BEGIN Extracted material

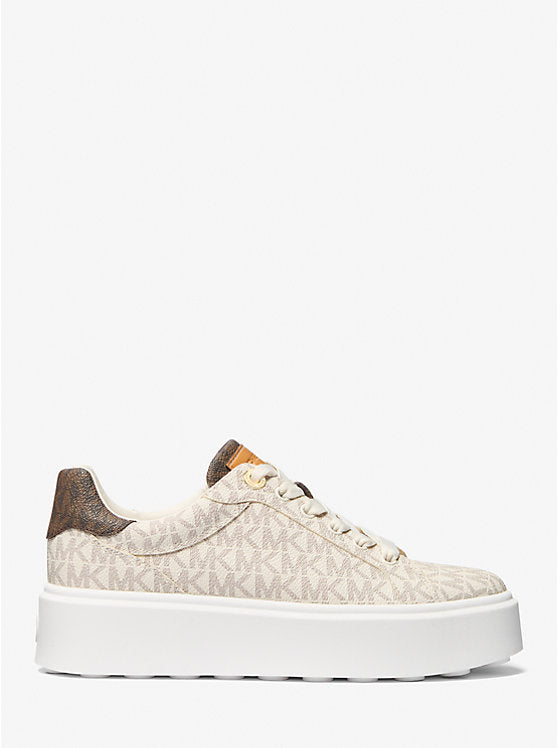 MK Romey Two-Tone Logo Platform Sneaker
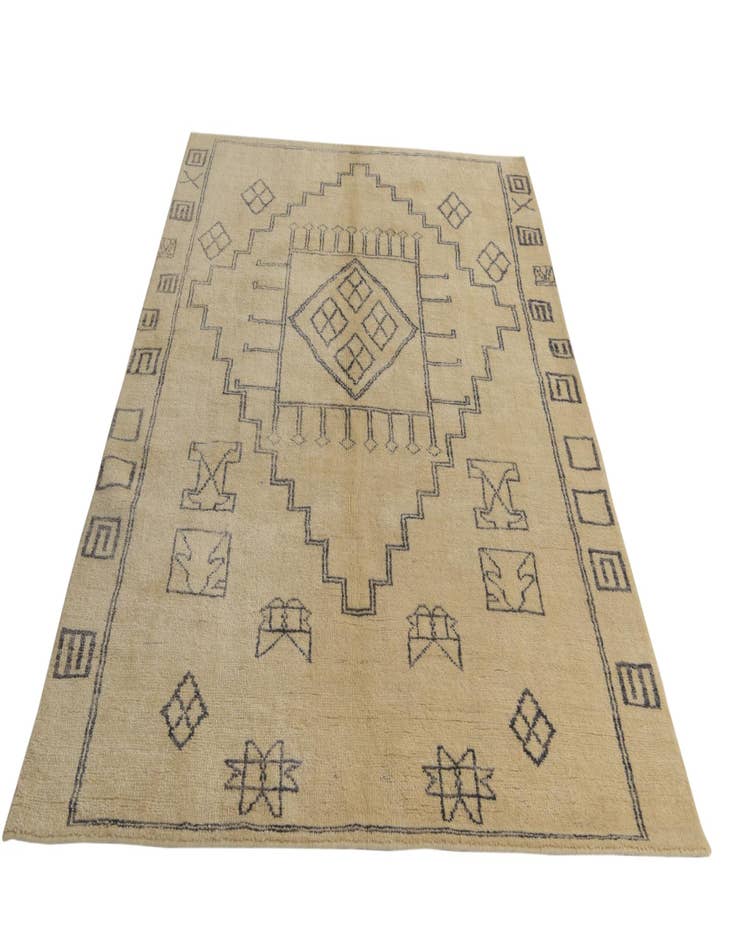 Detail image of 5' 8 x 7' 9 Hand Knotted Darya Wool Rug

END Extracted material
BEGIN Extracted material

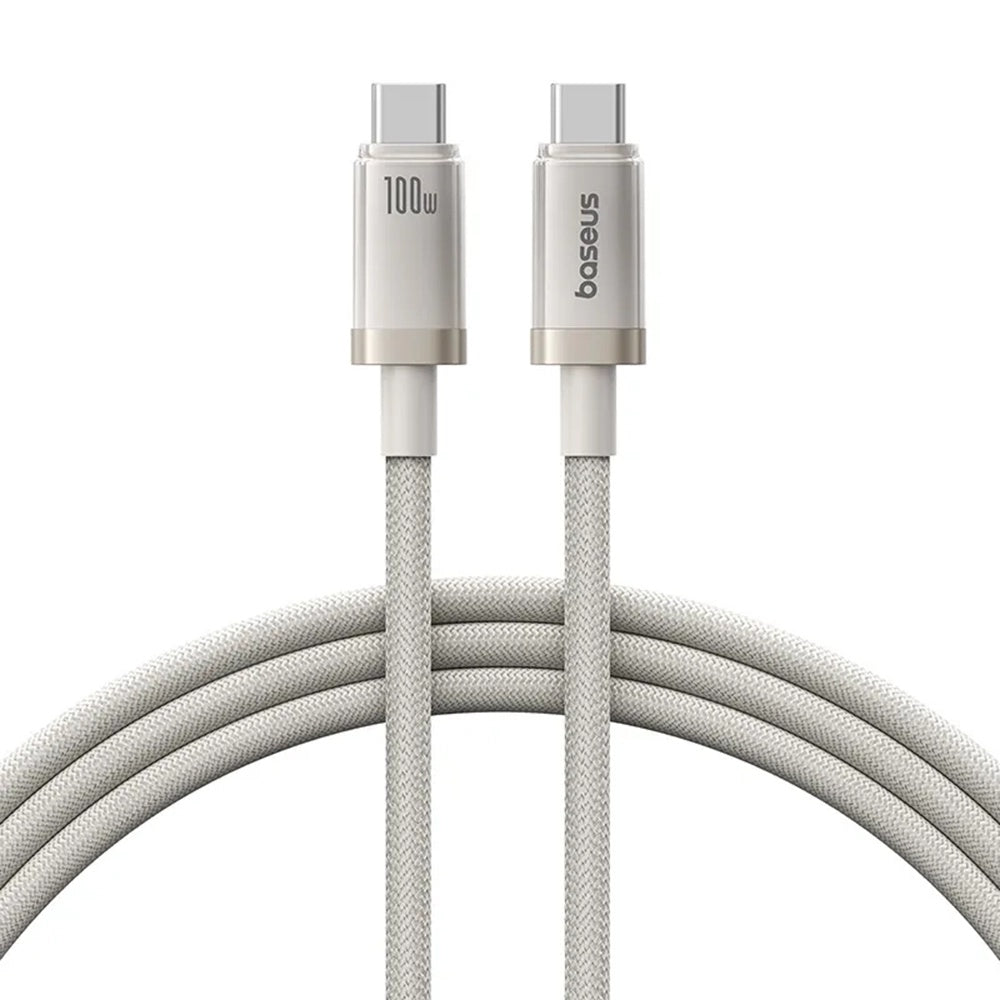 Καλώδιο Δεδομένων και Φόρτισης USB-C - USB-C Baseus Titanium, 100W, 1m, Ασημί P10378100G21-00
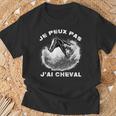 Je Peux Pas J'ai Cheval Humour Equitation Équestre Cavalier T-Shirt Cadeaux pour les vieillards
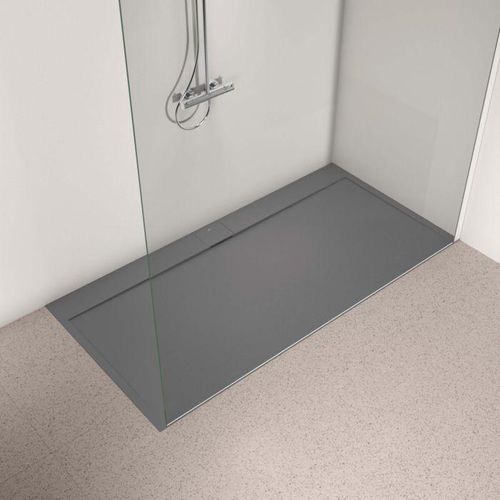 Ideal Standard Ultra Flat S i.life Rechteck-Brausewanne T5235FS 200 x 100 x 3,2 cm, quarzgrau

END Extracted material
BEGIN Extracted material

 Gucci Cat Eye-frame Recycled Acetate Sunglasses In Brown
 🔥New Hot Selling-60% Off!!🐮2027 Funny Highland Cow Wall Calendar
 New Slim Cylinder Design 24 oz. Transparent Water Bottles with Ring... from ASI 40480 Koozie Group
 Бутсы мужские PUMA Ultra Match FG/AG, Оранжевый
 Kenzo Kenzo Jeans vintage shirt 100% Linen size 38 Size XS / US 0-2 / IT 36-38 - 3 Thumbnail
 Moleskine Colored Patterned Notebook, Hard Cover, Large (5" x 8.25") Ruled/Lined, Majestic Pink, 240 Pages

END Extracted material

Brief → Reproduce word for word the material above, starting with the line that has "Gucci Cat Eye-frame" and stopping after the line that has "Moleskine Colored Patterned".

Your response →
 Gucci Cat Eye-frame Recycled Acetate Sunglasses In Brown
 🔥New Hot Selling-60% Off!!🐮2027 Funny Highland Cow Wall Calendar
 New Slim Cylinder Design 24 oz. Transparent Water Bottles with Ring... from ASI 40480 Koozie Group
 Бутсы мужские PUMA Ultra Match FG/AG, Оранжевый
 Kenzo Kenzo Jeans vintage shirt 100% Linen size 38 Size XS / US 0-2 / IT 36-38 - 3 Thumbnail
 Moleskine Colored Patterned Notebook, Hard Cover, Large (5" x 8.25") Ruled/Lined, Majestic Pink, 240 Pages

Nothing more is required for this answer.